* Try it
The result should be the listing below, restated exactly, with its pictures left out.

* Stored data
########

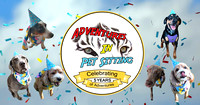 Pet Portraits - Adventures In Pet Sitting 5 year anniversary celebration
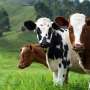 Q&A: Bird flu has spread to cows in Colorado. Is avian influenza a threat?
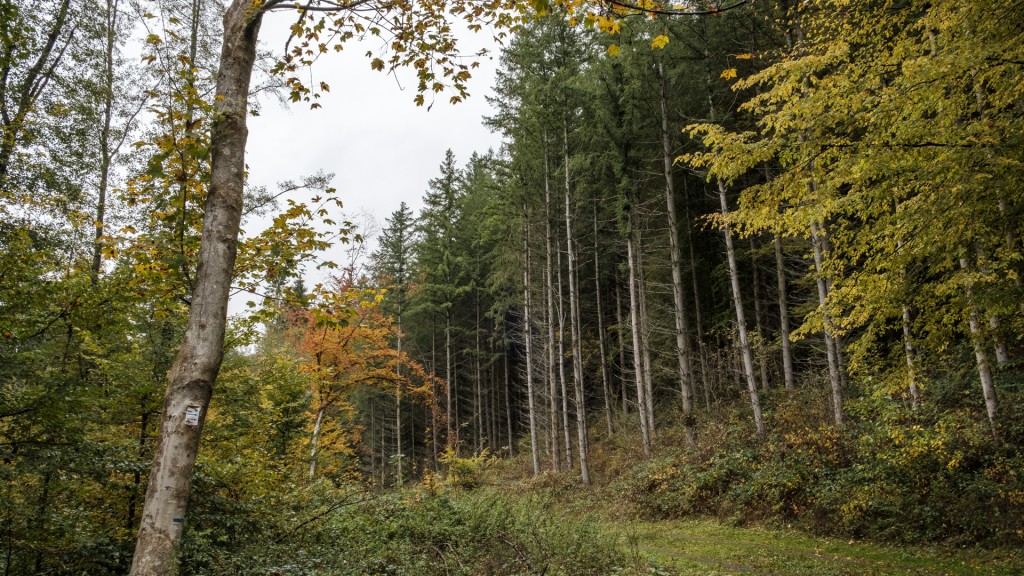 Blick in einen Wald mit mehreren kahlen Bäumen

########

* Output of the task
 Pet Portraits - Adventures In Pet Sitting 5 year anniversary celebration
 Q&A: Bird flu has spread to cows in Colorado. Is avian influenza a threat?
 Blick in einen Wald mit mehreren kahlen Bäumen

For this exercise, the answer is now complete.